Ostrom has labored far from the limelight, studying topics that do not usually attract headlines or television cameras. A native Californian who grew up through the lean years following the Great Depression, she has devoted her career to examining the interaction of people and natural resources.
What she found is encouraging. She concludes that people who use a common resource can manage it wisely without outside supervision. They don’t need a gestapo-like government or a heavy handed corporation to keep them in line, after all.
In awarding her the economics prize for 2009, the academy stated:
Elinor Ostrom has challenged the conventional wisdom that common property is poorly managed and should be either regulated by central authorities or privatized. Based on numerous studies of user-managed fish stocks, pastures, woods, lakes, and groundwater basins, Ostrom concludes that the outcomes are, more often than not, better than predicted by standard theories.
Before you yawn and rub your eyes, consider the implications of this conclusion.

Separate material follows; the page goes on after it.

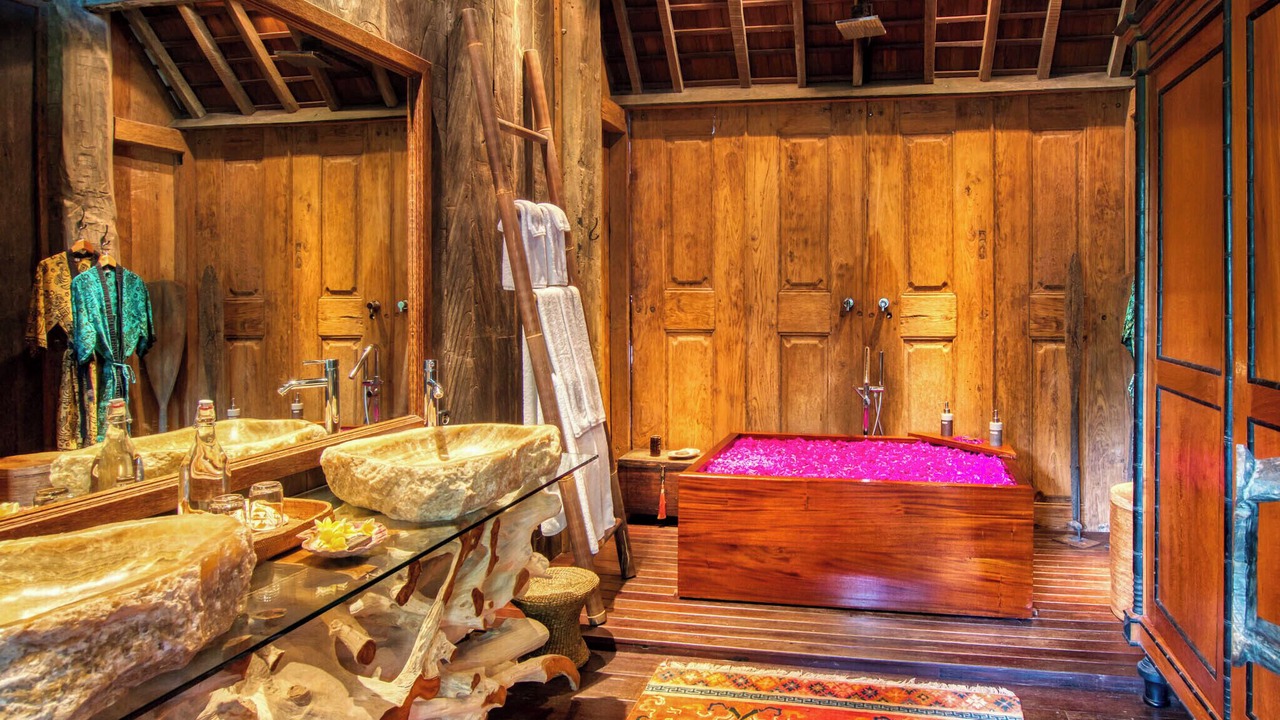 Photo of Bathroom in Petulu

As governments become ever more inefficient and exploitative, as the global financial system’s inherent corruption threatens catastrophic collapse, as resources become ever scarcer and as Big Business becomes ever more rapacious, mankind will inevitably have to find a new way forward. I don’t think any responsible observer would argue that existing institutions are working. For reasons too numerous to list, the end, as they say, could be near.
At least, the end of governance as we know it. But if Ostrom is right, and I think she is, civilization is not doomed. From the ashes of disaster, the phoenix of self-management could emerge, as a chastened populace is forced to fend for themselves. And if I am reading Ostrom’s findings correctly, they will likely do a whole lot better than the people running things today.